На этот раз Рэдклиф глаз не опустил, в его голосе послышалась непривычная твердость:

— А я помню, что просил вас его оставить. А вы отказались.

— Уж не считаете ли вы, что я каким-то образом виноват в его смерти?

Рэдклиф не ответил, лицо его оставалось бесстрастно. И он по-прежнему не отводил взгляда. Ян отвернулся первым.

— Иногда такие решения трудно принимать, — сказал он. — Но они необходимы. Однако я поклясться готов, что этот человек Симмонс. Выглядит совершенно так же.

— Да, сэр. Это его брат. Выяснить это очень легко, если захотеть.

— Спасибо, что подсказали. Полиция быстро разберется.
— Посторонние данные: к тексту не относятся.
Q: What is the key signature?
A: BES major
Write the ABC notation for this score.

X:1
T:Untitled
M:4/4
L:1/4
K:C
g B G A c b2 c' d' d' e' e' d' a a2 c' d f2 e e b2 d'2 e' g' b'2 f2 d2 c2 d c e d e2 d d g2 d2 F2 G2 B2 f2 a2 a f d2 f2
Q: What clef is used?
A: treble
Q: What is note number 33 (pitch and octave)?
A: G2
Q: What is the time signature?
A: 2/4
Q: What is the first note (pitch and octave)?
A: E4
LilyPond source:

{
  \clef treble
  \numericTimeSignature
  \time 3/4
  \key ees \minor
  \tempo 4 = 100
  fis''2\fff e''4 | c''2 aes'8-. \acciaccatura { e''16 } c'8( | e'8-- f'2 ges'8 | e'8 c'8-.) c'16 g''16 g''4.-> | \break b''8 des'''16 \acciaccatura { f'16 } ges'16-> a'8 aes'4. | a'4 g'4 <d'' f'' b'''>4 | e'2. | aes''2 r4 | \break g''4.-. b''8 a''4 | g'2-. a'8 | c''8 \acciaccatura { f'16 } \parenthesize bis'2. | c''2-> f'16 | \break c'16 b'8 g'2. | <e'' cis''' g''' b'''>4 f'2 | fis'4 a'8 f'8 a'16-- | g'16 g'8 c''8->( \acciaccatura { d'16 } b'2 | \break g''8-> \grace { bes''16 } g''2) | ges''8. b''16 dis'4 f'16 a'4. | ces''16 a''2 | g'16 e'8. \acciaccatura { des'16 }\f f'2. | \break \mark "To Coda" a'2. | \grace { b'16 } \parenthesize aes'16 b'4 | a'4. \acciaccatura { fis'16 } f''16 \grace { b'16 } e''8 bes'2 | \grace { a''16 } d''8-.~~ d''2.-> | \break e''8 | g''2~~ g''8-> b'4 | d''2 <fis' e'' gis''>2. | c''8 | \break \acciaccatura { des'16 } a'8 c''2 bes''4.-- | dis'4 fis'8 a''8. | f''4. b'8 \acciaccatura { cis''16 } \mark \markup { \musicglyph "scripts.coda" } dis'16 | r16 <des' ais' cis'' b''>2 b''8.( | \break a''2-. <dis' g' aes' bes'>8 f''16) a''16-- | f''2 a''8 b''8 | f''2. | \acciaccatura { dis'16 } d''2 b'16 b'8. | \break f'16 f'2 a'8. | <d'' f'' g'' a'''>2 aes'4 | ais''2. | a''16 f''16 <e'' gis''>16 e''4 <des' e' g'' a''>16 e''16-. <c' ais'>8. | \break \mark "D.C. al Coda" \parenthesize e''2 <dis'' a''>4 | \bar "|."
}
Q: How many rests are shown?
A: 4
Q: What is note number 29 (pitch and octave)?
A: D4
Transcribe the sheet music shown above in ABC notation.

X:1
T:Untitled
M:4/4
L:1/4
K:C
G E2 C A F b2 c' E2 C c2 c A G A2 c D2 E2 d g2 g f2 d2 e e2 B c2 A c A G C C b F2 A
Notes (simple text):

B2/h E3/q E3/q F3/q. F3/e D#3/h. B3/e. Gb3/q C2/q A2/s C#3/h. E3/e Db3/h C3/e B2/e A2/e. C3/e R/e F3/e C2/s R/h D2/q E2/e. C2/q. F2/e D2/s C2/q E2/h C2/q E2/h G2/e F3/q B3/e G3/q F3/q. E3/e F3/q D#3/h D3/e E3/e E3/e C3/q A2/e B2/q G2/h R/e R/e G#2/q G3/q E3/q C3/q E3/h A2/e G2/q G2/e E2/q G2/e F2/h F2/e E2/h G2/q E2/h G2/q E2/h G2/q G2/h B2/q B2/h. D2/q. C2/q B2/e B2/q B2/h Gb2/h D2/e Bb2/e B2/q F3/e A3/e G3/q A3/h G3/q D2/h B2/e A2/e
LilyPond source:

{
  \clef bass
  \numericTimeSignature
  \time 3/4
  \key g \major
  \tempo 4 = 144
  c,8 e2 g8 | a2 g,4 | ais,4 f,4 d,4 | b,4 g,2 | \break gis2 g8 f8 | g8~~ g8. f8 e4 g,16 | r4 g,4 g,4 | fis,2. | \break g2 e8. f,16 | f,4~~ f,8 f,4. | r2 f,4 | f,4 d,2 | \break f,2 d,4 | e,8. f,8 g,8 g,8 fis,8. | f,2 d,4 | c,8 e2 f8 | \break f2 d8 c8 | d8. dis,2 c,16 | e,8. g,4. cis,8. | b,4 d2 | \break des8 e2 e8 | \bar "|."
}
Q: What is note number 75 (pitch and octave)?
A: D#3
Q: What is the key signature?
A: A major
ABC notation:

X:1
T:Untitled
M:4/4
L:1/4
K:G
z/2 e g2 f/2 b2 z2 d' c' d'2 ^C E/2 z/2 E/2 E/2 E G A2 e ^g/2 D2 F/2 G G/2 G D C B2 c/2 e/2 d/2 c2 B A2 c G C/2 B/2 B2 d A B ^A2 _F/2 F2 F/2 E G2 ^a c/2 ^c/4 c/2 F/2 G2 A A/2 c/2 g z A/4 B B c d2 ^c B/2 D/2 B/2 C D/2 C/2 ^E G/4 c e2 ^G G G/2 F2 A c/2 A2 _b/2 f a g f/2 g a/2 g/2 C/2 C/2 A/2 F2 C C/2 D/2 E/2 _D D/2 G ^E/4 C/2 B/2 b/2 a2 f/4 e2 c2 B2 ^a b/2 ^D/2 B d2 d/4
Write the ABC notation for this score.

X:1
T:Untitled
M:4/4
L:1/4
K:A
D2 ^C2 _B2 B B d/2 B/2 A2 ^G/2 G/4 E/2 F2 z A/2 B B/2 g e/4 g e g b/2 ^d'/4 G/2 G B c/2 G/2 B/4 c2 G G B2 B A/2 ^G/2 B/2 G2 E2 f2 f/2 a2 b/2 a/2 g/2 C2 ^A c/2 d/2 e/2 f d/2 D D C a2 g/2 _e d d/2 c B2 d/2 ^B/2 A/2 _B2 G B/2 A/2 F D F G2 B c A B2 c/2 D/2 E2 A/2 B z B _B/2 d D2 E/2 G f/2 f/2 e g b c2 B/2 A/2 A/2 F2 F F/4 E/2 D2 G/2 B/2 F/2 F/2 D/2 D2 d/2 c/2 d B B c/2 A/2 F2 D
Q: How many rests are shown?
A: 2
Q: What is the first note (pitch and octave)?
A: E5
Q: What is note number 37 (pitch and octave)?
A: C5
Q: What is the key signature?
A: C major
— А надо ли, инженер Кулозик? — Рэдклиф сидел очень прямо, и в голосе его появился металл, какого Ян никогда прежде не слышал. — Надо ли ставить их в известность? Симмонс мертв — этого вам мало? А брат заботится о его жене и детишках. Все на пособии. Всю жизнь. Стоит ли удивляться, что он зол на вас? Я его не оправдываю, зря он это затеял. Но если вы забудете о случившемся — несколько человек будут вам благодарны. Он сильно изменился с тех пор, как нашел брата мертвым.

— Но я должен…

— Разве? Должен — что? Оставаться со своими, вот что. И оставить нас в покое!.. Если бы вы не явились нынче мозги нам полоскать, не стали бы лезть туда, где никому не нужны, ничего бы и не случилось. Оставьте нас в покое, говорю. Залезайте в свою машину и мотайте отсюда. И оставьте все как есть.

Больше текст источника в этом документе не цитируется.